We didn’t usually like to be insulting, but…
“Duh!” we all shouted at her.
Once we had stopped shouting, and Georgia got over being shouted at, Marcia spoke.
“You know,” she said, “usually whenever one of us discovers her power or gift, there’s a new note left in the space behind that loose stone in the wall of the drawing room.”
With that in mind, we all trooped off to the drawing room.
“You do the honors,” Annie said to Georgia as we stood before the wall. “It was your gift.”
“Yeah,” Rebecca said, “until she gave it back.”
Ignoring Rebecca, Georgia carefully removed the loose stone. Then she reached into the space and pulled out a note. We all crowded around her to read what it said:
This is the part where I’d normally say: “Nice work. Five down, eleven to go.” But, sadly, I can’t do that this time, can I?

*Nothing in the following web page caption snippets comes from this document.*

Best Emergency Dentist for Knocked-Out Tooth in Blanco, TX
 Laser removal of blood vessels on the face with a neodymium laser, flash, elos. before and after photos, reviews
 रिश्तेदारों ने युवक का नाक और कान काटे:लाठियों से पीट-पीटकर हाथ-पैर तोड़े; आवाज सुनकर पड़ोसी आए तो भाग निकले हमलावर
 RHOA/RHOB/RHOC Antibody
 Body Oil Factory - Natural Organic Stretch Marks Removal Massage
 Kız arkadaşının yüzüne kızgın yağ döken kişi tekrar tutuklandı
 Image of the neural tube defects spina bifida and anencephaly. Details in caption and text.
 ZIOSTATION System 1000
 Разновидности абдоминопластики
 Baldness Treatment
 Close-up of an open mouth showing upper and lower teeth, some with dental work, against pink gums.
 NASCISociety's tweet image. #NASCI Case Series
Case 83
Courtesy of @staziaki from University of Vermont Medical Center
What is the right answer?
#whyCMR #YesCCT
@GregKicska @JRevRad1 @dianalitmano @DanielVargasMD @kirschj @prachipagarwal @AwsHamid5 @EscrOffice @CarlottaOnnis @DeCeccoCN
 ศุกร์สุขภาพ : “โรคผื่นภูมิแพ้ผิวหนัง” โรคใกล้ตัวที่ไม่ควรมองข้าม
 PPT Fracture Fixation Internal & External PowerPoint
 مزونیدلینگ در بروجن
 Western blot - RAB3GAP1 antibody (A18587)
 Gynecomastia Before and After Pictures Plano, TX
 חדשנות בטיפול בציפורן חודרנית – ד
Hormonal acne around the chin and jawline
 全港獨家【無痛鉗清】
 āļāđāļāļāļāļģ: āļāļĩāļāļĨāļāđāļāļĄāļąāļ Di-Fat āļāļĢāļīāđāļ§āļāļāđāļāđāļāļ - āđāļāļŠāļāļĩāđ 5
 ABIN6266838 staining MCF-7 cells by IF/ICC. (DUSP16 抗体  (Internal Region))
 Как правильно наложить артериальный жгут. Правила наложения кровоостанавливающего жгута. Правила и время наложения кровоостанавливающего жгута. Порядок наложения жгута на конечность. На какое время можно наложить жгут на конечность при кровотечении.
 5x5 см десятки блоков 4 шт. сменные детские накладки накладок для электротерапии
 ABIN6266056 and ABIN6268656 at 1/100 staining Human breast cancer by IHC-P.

As always, the note was unsigned.
Georgia looked so sad that we couldn’t help but feel sorry for her, despite what she’d done.
We watched as Georgia let go of the note; it floated idly down to the floor like a feather on a breeze.
“It’s still only the first day of my month,” she said glumly, “and already I’m not handling things very well, am I?”
We tried to there, there her—not just Annie and Durinda and even Jackie, but all of us. But that dark and stormy night, there were not enough there, theres in the world to soothe Georgia’s upset feelings.
If only Daddy Sparky and Mommy Sally were our real mommy and daddy, we thought as we put Georgia to bed. They could have at least helped us kiss her good night before we turned out the lights.